**Work instruction:**
In the listing below, locate the line that contains "Bir alt yazılı" and the line that contains "KM #Bahtera Nusantara". Restate word for word those two lines and every line between them, and nothing else.

* * * *

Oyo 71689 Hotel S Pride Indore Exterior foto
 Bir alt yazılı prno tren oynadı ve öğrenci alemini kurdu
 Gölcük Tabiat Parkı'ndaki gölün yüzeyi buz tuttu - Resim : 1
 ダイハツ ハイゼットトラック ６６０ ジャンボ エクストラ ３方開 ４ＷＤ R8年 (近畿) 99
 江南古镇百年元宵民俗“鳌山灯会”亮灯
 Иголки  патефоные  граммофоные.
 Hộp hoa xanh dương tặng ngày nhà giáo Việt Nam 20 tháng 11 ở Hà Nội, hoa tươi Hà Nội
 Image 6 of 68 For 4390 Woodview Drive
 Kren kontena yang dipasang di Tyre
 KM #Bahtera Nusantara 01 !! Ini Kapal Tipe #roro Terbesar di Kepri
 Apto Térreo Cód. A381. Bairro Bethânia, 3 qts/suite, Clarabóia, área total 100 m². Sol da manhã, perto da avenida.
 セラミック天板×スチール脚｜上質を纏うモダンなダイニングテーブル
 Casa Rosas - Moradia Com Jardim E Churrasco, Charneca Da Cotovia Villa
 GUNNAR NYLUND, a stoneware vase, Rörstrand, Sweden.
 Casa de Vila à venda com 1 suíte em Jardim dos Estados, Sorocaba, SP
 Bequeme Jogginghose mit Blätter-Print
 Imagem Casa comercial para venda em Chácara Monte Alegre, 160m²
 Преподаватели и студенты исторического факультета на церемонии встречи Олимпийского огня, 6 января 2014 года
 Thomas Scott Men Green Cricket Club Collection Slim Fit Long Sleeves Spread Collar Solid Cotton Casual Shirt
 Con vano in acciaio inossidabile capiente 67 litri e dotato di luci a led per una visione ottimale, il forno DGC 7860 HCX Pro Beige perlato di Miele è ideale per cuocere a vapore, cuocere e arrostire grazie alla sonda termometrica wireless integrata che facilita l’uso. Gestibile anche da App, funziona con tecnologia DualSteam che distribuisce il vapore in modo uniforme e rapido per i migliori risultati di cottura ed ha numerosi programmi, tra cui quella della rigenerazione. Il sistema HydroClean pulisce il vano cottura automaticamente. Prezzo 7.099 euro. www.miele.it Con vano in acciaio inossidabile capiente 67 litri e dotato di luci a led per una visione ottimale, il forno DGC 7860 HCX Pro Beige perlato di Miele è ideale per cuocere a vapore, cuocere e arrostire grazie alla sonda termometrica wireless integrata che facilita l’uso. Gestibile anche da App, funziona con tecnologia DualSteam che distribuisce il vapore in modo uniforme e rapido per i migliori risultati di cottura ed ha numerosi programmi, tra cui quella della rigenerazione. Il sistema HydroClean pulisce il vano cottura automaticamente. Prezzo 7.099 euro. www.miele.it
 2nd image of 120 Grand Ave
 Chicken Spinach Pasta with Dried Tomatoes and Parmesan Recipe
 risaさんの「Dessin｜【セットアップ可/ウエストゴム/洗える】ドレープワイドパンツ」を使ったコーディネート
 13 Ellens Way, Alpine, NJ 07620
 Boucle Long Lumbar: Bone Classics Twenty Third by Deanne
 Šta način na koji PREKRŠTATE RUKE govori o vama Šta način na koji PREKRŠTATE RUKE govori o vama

* * * *

**Output of the task:**
 Bir alt yazılı prno tren oynadı ve öğrenci alemini kurdu
 Gölcük Tabiat Parkı'ndaki gölün yüzeyi buz tuttu - Resim : 1
 ダイハツ ハイゼットトラック ６６０ ジャンボ エクストラ ３方開 ４ＷＤ R8年 (近畿) 99
 江南古镇百年元宵民俗“鳌山灯会”亮灯
 Иголки  патефоные  граммофоные.
 Hộp hoa xanh dương tặng ngày nhà giáo Việt Nam 20 tháng 11 ở Hà Nội, hoa tươi Hà Nội
 Image 6 of 68 For 4390 Woodview Drive
 Kren kontena yang dipasang di Tyre
 KM #Bahtera Nusantara 01 !! Ini Kapal Tipe #roro Terbesar di Kepri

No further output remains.